- _Try it_
What follows is a set of records. Repeat them word for word.

(Collection entries)
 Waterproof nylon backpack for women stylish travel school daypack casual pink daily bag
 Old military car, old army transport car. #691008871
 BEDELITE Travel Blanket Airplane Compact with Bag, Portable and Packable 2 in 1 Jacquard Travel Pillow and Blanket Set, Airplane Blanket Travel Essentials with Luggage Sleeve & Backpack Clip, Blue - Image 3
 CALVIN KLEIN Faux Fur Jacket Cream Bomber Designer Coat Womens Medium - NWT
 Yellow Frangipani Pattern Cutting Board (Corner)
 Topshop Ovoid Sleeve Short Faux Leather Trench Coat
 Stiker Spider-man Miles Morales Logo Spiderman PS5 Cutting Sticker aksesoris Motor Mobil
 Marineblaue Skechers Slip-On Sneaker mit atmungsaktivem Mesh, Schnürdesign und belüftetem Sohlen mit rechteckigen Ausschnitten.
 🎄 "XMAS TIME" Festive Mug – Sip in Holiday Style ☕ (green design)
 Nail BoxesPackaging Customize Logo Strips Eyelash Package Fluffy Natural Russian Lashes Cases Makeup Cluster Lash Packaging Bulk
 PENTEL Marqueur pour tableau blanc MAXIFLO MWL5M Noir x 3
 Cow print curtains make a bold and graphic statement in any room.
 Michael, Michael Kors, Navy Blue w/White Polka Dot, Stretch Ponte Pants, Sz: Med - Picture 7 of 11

- _Answer section_
 Waterproof nylon backpack for women stylish travel school daypack casual pink daily bag
 Old military car, old army transport car. #691008871
 BEDELITE Travel Blanket Airplane Compact with Bag, Portable and Packable 2 in 1 Jacquard Travel Pillow and Blanket Set, Airplane Blanket Travel Essentials with Luggage Sleeve & Backpack Clip, Blue - Image 3
 CALVIN KLEIN Faux Fur Jacket Cream Bomber Designer Coat Womens Medium - NWT
 Yellow Frangipani Pattern Cutting Board (Corner)
 Topshop Ovoid Sleeve Short Faux Leather Trench Coat
 Stiker Spider-man Miles Morales Logo Spiderman PS5 Cutting Sticker aksesoris Motor Mobil
 Marineblaue Skechers Slip-On Sneaker mit atmungsaktivem Mesh, Schnürdesign und belüftetem Sohlen mit rechteckigen Ausschnitten.
 🎄 "XMAS TIME" Festive Mug – Sip in Holiday Style ☕ (green design)
 Nail BoxesPackaging Customize Logo Strips Eyelash Package Fluffy Natural Russian Lashes Cases Makeup Cluster Lash Packaging Bulk
 PENTEL Marqueur pour tableau blanc MAXIFLO MWL5M Noir x 3
 Cow print curtains make a bold and graphic statement in any room.
 Michael, Michael Kors, Navy Blue w/White Polka Dot, Stretch Ponte Pants, Sz: Med - Picture 7 of 11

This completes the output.